Anastazja
Obudziłam się. Odwróciłam się, Jochena nie było. Westchnęłam. Podniosłam się z łóżka i je pościeliłam. Zegar ścienny wskazywał 8: 35. Gdzie jest Josiek?
-Jochen?!- krzyknęłam- głucha cisza. Spróbowałam dodzwonić się do ukochanego ale nie odbierał. Przeszłam całe mieszkanie. Siriego też nie było. Pobiegłam do szafy. Na całe szczęście były wszystkie jego rzeczy. A na półce leżały klucze do samochodu. Uff czyli się nie wyprowadził. Ale gdzie oni są?
Poszłam do łazienki gdzie ubrałam się w za duży czerwony T- shirt i dresy. Miałam w planach wielkie wiosenne porządki. usłyszałam trzask drzwi wejściowych. Od razu pobiegłam potykając się o dywanik w łazience. Jednak udało mi się dobiec do drzwi. Jochen ściągał buty a kot odrazu pobiegł do miski by pochlipać mleka. Są i moje zguby.
-Gdzie wy byliście?-zapytałam trochę nerwowo
-Witaj kochanie- powiedział jak zawsze spokojny Jochen,- Kupiłem świeże pieczywo.
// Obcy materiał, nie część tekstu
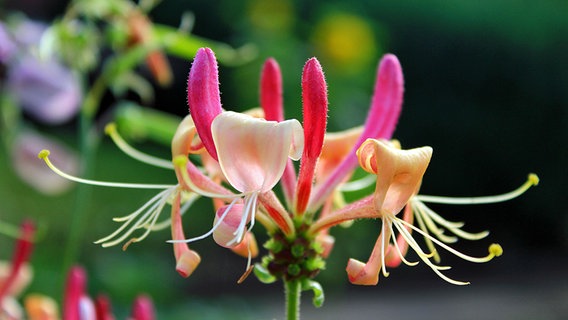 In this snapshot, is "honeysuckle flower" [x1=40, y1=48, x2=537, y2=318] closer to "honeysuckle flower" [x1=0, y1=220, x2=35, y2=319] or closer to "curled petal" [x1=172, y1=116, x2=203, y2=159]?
"curled petal" [x1=172, y1=116, x2=203, y2=159]

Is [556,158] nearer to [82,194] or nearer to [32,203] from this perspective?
[32,203]

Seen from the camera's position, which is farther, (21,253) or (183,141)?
(21,253)

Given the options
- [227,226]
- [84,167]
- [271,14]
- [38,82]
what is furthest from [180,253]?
[271,14]

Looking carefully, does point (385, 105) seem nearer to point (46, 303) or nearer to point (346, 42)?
point (46, 303)

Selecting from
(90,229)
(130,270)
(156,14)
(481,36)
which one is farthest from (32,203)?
(481,36)

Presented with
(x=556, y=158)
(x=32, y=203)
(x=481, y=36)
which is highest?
(x=481, y=36)

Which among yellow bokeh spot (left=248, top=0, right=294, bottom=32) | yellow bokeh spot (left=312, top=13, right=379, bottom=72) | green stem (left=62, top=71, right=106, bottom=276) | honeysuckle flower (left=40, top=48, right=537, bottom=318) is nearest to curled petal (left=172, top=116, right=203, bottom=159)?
honeysuckle flower (left=40, top=48, right=537, bottom=318) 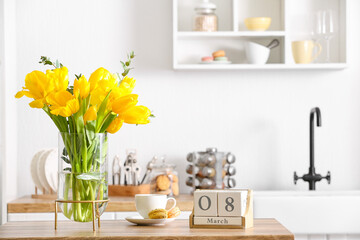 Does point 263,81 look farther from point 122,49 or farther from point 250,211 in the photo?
point 250,211

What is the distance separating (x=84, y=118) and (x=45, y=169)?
1.47 meters

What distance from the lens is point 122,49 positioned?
3676mm

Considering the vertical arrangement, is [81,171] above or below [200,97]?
below

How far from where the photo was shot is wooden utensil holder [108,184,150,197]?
11.1 feet

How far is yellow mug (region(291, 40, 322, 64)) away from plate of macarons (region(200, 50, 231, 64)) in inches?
15.3

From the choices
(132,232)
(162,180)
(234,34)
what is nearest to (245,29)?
(234,34)

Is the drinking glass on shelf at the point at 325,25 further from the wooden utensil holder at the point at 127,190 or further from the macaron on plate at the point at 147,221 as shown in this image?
the macaron on plate at the point at 147,221

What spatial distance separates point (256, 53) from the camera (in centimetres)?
352

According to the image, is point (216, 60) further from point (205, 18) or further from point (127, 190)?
point (127, 190)

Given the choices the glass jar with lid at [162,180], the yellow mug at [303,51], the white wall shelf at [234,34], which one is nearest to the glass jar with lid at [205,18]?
the white wall shelf at [234,34]

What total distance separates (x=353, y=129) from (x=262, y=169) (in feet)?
1.95

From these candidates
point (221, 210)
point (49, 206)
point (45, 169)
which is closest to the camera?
point (221, 210)

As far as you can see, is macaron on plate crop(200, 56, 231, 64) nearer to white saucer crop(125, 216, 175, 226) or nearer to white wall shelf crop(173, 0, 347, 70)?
white wall shelf crop(173, 0, 347, 70)

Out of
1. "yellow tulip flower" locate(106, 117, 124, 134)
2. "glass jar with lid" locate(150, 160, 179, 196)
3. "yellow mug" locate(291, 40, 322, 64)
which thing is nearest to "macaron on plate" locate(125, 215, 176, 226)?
"yellow tulip flower" locate(106, 117, 124, 134) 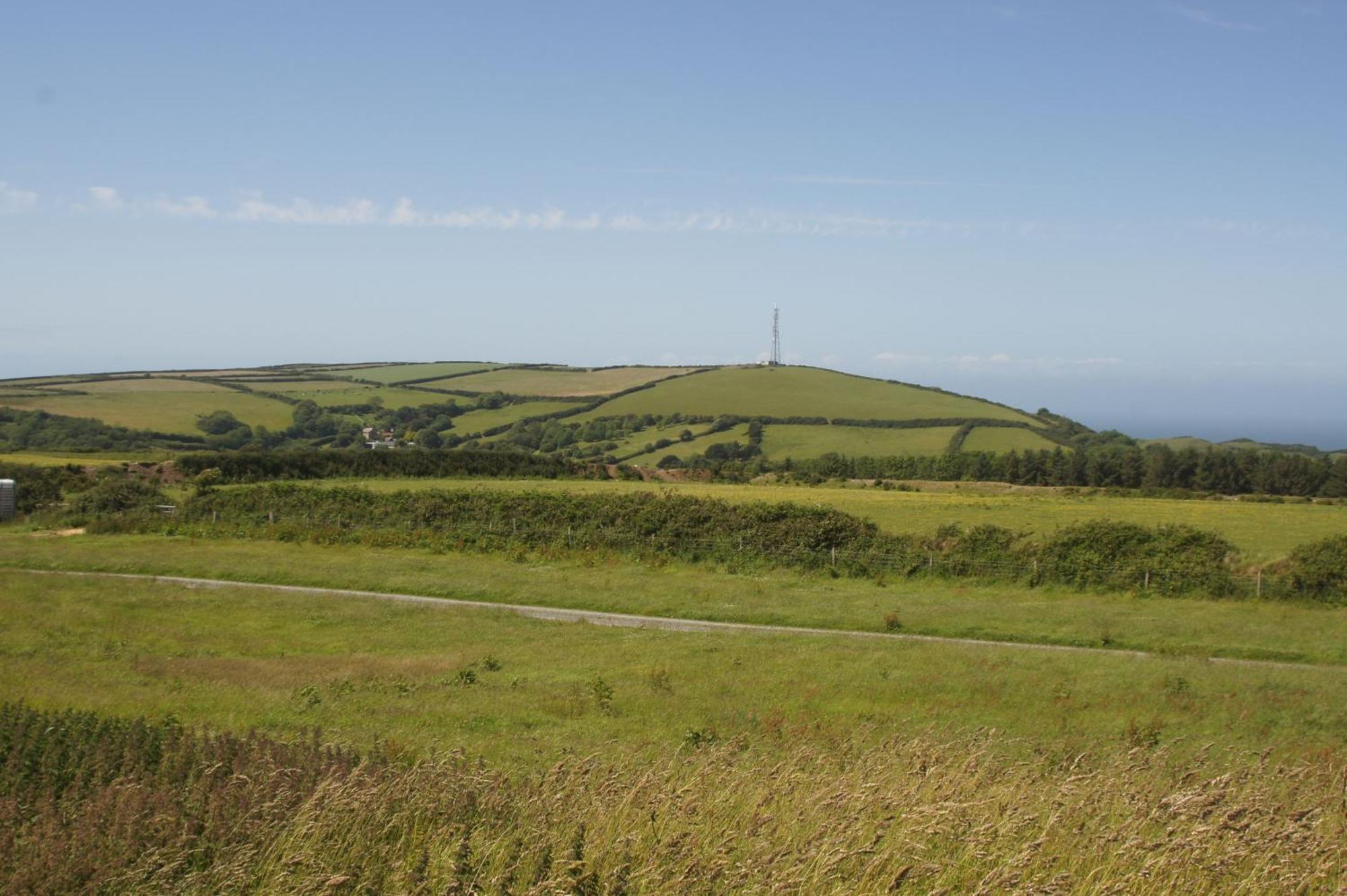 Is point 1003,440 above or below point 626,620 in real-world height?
above

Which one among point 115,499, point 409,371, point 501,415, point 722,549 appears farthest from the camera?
point 409,371

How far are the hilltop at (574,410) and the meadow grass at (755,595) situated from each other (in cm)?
6072

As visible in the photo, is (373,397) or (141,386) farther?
(141,386)

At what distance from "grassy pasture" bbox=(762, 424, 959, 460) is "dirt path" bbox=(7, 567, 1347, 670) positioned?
242ft

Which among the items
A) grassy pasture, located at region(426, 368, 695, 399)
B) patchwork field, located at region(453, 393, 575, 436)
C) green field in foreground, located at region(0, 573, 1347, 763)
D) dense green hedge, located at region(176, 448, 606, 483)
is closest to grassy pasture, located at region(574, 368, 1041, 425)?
patchwork field, located at region(453, 393, 575, 436)

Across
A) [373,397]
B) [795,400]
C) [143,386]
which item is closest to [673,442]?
[795,400]

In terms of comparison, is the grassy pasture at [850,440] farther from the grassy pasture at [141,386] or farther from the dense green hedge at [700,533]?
the grassy pasture at [141,386]

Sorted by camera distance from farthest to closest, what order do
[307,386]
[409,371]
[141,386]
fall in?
[409,371] < [307,386] < [141,386]

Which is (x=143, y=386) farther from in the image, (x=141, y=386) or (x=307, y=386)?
(x=307, y=386)

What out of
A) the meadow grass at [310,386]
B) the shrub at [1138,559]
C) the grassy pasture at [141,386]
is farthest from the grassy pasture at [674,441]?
the shrub at [1138,559]

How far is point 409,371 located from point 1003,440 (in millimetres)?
101767

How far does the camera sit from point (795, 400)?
134 metres

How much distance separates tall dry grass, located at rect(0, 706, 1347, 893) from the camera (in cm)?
583

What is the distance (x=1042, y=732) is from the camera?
48.4 ft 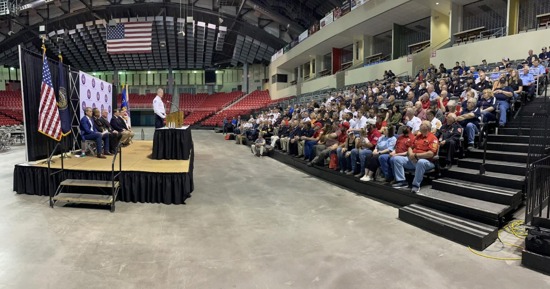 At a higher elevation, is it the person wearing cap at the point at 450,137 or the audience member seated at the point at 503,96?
the audience member seated at the point at 503,96

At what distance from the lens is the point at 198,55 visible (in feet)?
115

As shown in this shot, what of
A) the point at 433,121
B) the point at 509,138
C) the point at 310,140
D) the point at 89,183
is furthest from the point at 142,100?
the point at 509,138

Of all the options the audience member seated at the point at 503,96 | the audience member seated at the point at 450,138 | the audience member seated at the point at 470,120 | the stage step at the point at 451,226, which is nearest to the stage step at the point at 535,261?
the stage step at the point at 451,226

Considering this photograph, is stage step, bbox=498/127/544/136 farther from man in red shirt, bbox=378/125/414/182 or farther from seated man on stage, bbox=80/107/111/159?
seated man on stage, bbox=80/107/111/159

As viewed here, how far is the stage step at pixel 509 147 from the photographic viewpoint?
5457 millimetres

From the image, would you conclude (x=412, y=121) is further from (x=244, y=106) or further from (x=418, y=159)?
(x=244, y=106)

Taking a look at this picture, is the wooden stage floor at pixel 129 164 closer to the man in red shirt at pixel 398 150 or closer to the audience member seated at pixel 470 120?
the man in red shirt at pixel 398 150

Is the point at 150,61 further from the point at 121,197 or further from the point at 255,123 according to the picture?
the point at 121,197

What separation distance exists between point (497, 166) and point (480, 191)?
0.85 m

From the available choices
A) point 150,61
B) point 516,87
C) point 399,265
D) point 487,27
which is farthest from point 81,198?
point 150,61

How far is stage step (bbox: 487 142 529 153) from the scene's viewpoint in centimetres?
546

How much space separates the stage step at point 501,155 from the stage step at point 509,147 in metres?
0.20

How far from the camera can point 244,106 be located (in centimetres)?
3167

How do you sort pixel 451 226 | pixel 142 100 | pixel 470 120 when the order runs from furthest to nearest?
1. pixel 142 100
2. pixel 470 120
3. pixel 451 226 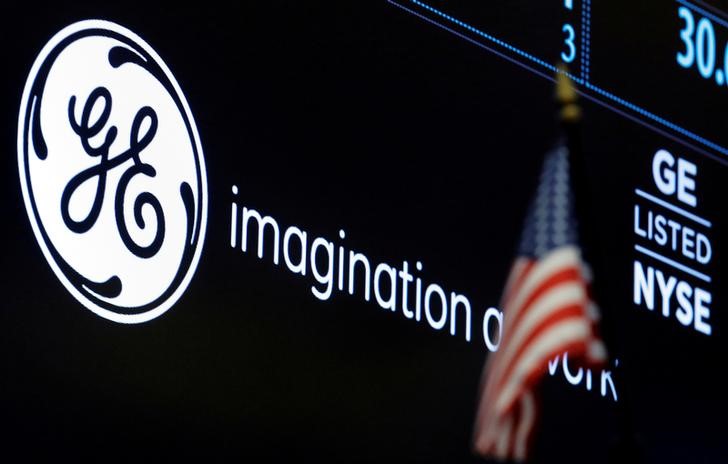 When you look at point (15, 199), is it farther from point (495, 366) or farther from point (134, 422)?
point (495, 366)

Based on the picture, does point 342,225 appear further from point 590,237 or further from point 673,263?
point 673,263

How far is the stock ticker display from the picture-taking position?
3541 millimetres

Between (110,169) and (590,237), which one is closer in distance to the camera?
(590,237)

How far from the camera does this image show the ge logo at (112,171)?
3551 millimetres

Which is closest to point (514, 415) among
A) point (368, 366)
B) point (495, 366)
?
point (495, 366)

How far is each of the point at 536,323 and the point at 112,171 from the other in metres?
0.81

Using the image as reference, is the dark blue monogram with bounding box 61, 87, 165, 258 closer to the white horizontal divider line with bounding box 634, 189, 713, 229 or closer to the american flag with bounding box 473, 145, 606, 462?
the american flag with bounding box 473, 145, 606, 462

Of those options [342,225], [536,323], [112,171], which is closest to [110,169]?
[112,171]

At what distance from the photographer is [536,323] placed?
11.9ft

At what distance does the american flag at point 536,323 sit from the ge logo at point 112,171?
2.01 ft

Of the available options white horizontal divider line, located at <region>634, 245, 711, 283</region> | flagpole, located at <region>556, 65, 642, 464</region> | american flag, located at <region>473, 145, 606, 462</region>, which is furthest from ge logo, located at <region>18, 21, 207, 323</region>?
white horizontal divider line, located at <region>634, 245, 711, 283</region>

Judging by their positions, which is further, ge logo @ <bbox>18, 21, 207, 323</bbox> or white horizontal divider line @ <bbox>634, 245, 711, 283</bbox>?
white horizontal divider line @ <bbox>634, 245, 711, 283</bbox>

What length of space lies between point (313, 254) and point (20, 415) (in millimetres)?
798

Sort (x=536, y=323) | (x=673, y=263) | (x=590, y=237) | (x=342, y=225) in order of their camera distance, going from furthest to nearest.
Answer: (x=673, y=263) → (x=342, y=225) → (x=536, y=323) → (x=590, y=237) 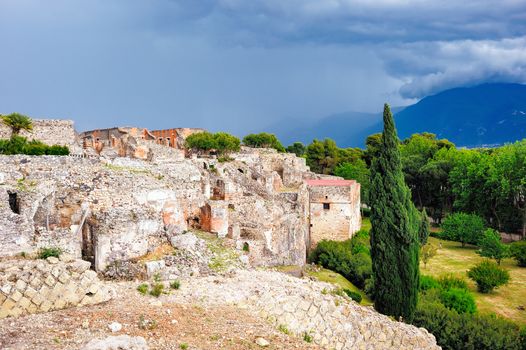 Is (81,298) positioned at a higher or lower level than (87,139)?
lower

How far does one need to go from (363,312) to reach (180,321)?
695cm

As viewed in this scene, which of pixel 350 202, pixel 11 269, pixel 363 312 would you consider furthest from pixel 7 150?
pixel 350 202

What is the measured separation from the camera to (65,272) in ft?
36.3

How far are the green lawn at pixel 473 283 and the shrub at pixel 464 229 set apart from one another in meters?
0.70

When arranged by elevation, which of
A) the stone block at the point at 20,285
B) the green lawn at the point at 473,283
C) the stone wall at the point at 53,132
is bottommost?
the green lawn at the point at 473,283

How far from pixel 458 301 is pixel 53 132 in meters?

Zechcesz zjeść ze mną śniadanie?
- Nie ignoruj mnie- fuknęłam
-Gdzież bym śmiał- zaśmiał się Josiek, co mnie coraz bardziej denerwowało- Biegałem
-Od kiedy ty z rana biegasz?!- zdziwiłam się. Co jak co ale Josiek do rannych ptaszków nie należał
-Dzięki kochanie. Jestem sportowcem, muszę prowadzić zdrowy tryb życia- westchną
-Rozumiem, rozumiem- wywróciłam oczami nie chcąc prowadzić dalej tematu o jego ,,zdrowym" trybie życia. Chipsy po godzinie 22 też są zdrowe.. Bardzo zdrowe.
- Tak więc co dziś podajesz na śniadanko?-zapytałam z uśmiechem
-Cóż, nie było cię 8 dni. Jak najbardziej teraz twoja kolej na przygotowanie śniadania-wyszczerzył się
-I znowu wróciłam do swoich obowiązków-westchnęłam- A i masz się wynieść z domu..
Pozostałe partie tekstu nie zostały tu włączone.